The average investment size of seed rounds was at $0.88 million, the highest ever, and 25% higher than 2017, according to data sourced from Tracxn Technologies. The number of deals, however, fell from 523 to 265, or almost 50%, with three months to go.
The trend reflects a maturity in the ecosystem, cost increases and increased faith in founders, according to investors. “The ecosystem is far more mature, with investors recognizing great founders and realizing that great founders also need bigger investments," said Anup Jain, managing partner, Orios Venture Partners, an early-stage investor. “The demand for good quality technology is very high and the supply is not keeping up, leading to higher costs."
Investors have become more cautious after burning their fingers with investments not paying off earlier, thus the fewer seed deals, said Sanjay Nath, managing partner at early-stage investor Blume Ventures.
“We are moving to a more thoughtful phase. The year 2013-14 was a period of overinvesting and a lot of people got burnt. The system is healthier now." The learnings from 2013-14 meant that investors are looking to back fewer companies with larger cheques.
“In the 2014 funding boom, most companies eventually did nothing. So firms decided that instead of investing in 30-40 companies, we will invest in the 10-15 that we know well and invest more there," said Anirudh Damani, managing partner, Artha Venture Fund. Start-ups have also witnessed rising interest from family offices, such as Azim Premji-owned PremjiInvest and Narayana Murthy’s Catamaran Ventures. “Most of these family offices want to sink their teeth deeper and make bigger bets. They are not interested in small ticket sizes," Damani said.
The average Series A round this year was at $5.4 million, the highest in three years, according to the Tracxn data. “Funding takes three to six months away from business and then you don’t have results to show because you are back in the funding market so early.
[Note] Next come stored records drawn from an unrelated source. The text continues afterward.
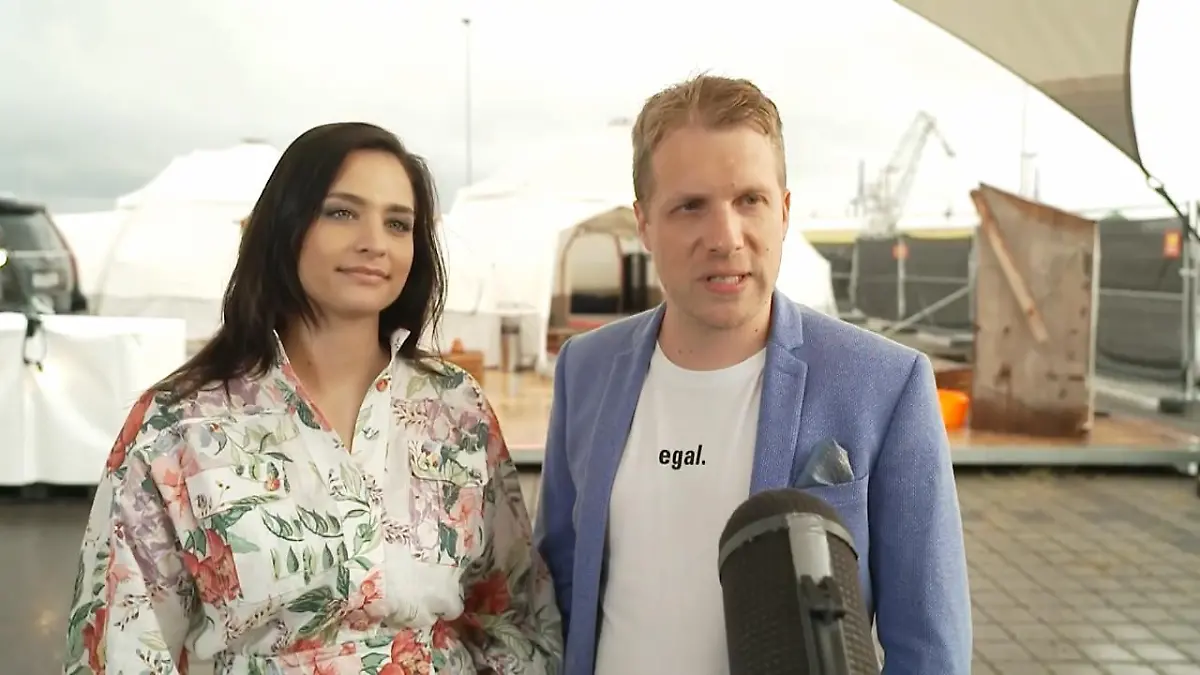 "Pocher - gefährlich ehrlich" wieder mit Publikum Oliver und Amira Pocher freuen sich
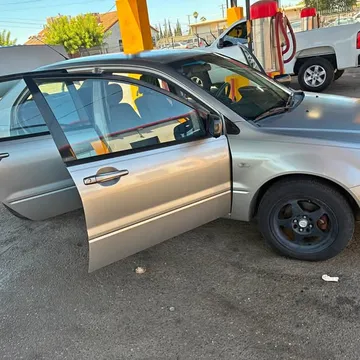 2003 Mitsubishi Lancer ES Sedan 4D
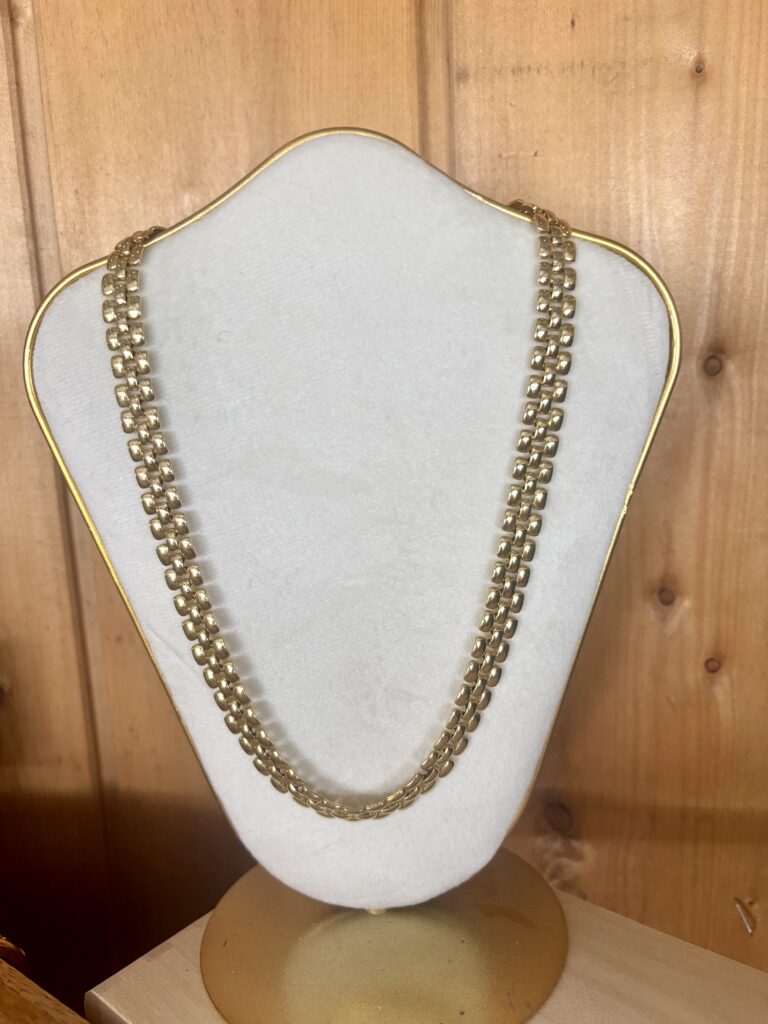 Collier en plaqué or, mailles plates.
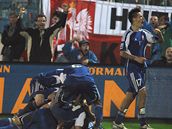 Výhru nad Polskem pro�ívali emotivn� sloven�tí fotbalisté i fanou�ci
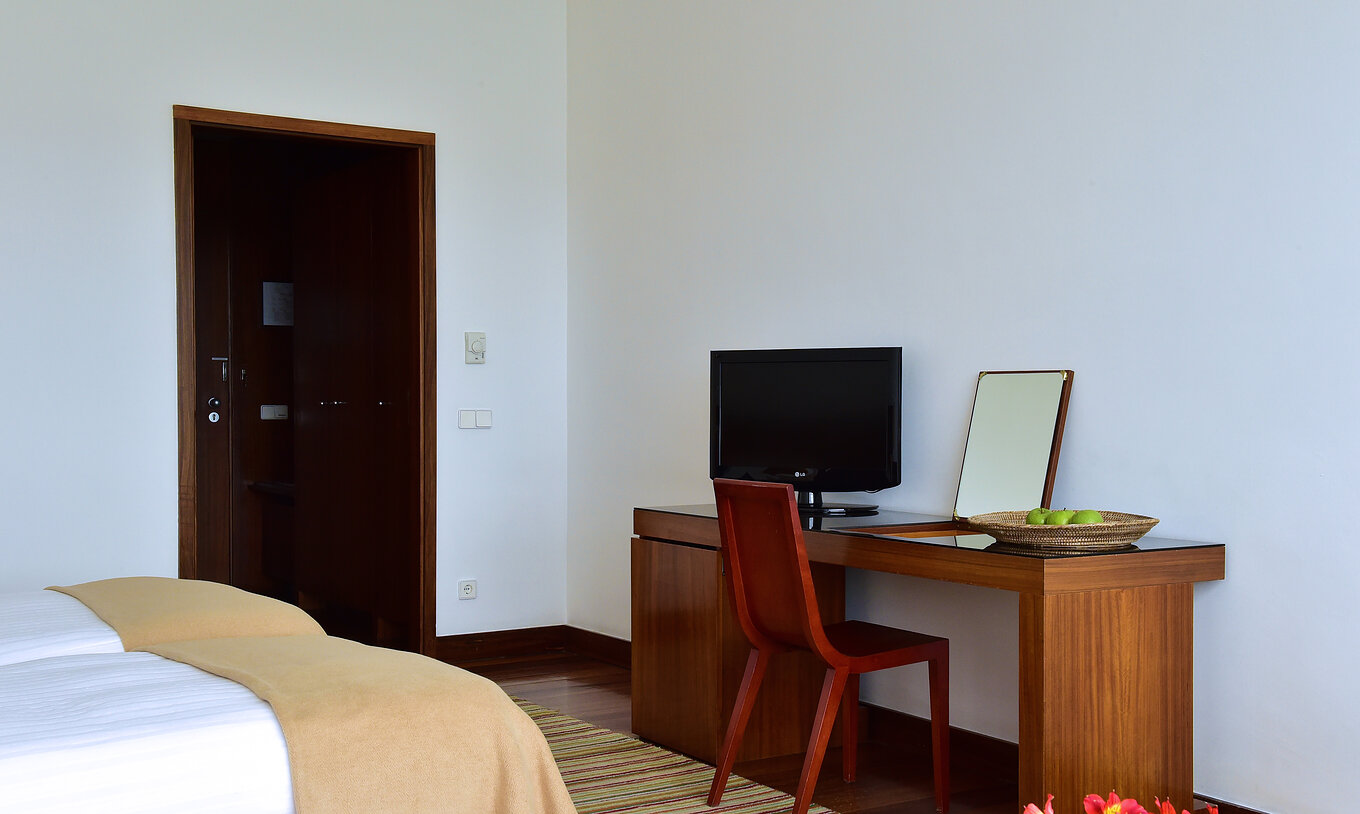 Le Chambre Supérieure Historique de la Pousada Mosteiro Crato a deux lits simples avec un bureau et une petite télévision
So, you might as well raise large funds in one go," said Damani.
Though the number of Series A rounds have been on a decline for the last four years, this year the slide has been relatively less.
While there is still time for investments to catch up with three months remaining, Damani said that Series A investors have been watching and waiting for a while, exercising caution for better opportunities.
To be sure, investors feel that the fall in seed funding rounds this year may be an exception and not the rule.
“While ticket sizes should continue going up, I think the number of investments will go up as well, because numbers have never been a problem for India. I think there is far too much capacity and far too many opportunities in such a big market," said Nath of Blume Ventures.